EVERY WEEK IN 2017 WE WILL HAVE NEW SUGGESTIONS FOR A DIFFERENT GROUP OF BIRDS TO LOOK FOR TO HELP DEVELOP YOUR #MY200BIRDYEAR LIST.
THIS WEEK, IT IS ACCIPITERS
There are two British species of hawk in the genus Accipiter. The Sparrowhawk is a common raptor (35,000 pairs) and the Goshawk is a rare breeder with fewer than 500 pairs across the country. Despite this disparity in abundance, the Goshawk is frequently ‘claimed’ by inexperienced birdwatchers. Indeed it is notorious for probably being the most ‘over-claimed’ bird. Of course, its very scarcity is one reason for its mistaken identity, as if you lack experience with a particular bird and seen a large or out of context Sparrowhawk it is natural to think it could be a different bird altogether.

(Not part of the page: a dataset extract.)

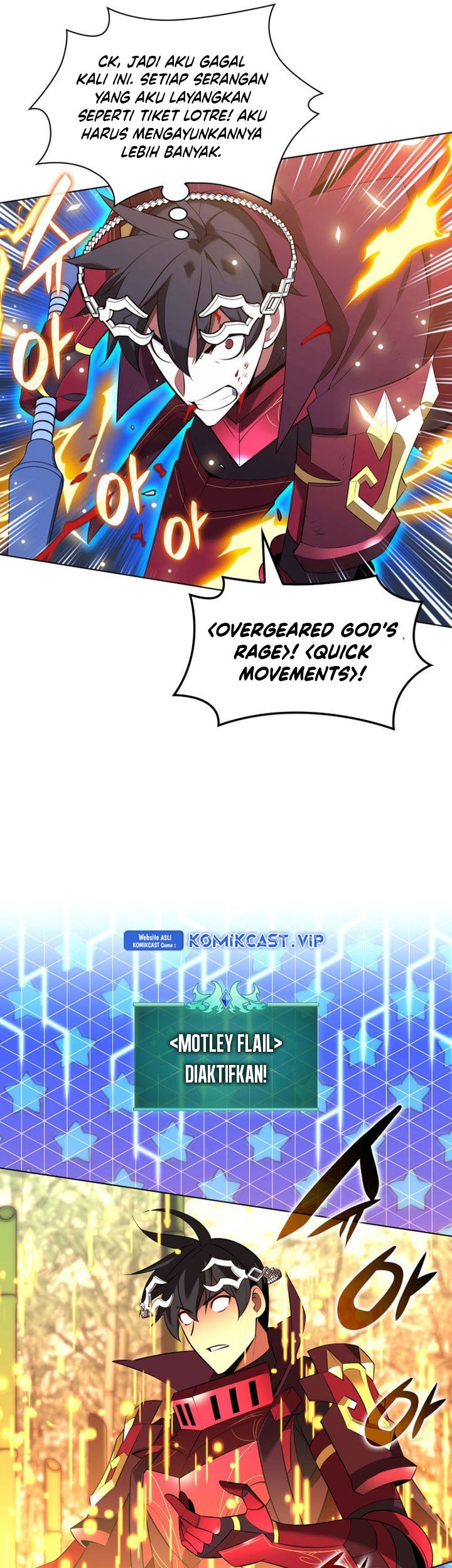 Overgeared Chapter 202 - halaman 21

If in doubt, it is a Sparrowhawk. If it looks like a big Sparrowhawk, it is a Sparrowhawk. If it is doing a sky dance with white fluffy undertail coverts spread, it could be either, but it is most likely a Sparrowhawk. If it dwarfs a Woodpigeon it is pursuing or is the same size as a Raven or Buzzard in the same airspace, it is a Goshawk.
Sparrowhawks are small: about the same size as a Kestrel. As with many birds of prey, males can be considerably smaller than females. Both have quite short blunt tipped wings and a long, narrow, square ended tail. Males can be colourful birds, bluish on top and barred reddish or salmon beneath. Females are a dull grey-brown on the upperparts and barred brown and white on the underparts. They hunt birds, using low flights and surprise, twistingand swooping round trees or over hedges or garden fences. Contrary to popular belief, they can take prey as large as a Woodpigeon.
You can see Sparrowhawks flying with a distinctive level ‘flap-flap-glide’ flight, or soaring on thermals. They also do a sky-dancing display flight with their white undertail coverts spread, and with slow rowing wingbeats, which can give an illusion of larger size and fuels confusion with the much larger Goshawk.
Goshawks are big birds, with a female being Buzzard–sized and a male also being substantially larger than a Sparrowhawk. Absolute size is not the only difference, though, and there are many structural differences which make Goshawks look not only massive but different from their smaller cousins. They have thicker based (so-called ‘broad hips’), more rounded tails, deep bellies and chests, and often appear to have bulging secondaries (rear edge of inner wing) with more ‘pointed’ wing tips. They also differ in plumage, with adults having darker cheeks and bolder supercilium and bluish (not grey-brown upperparts). Juveniles are easier to identify, being brown and having streaked, not barred, underparts.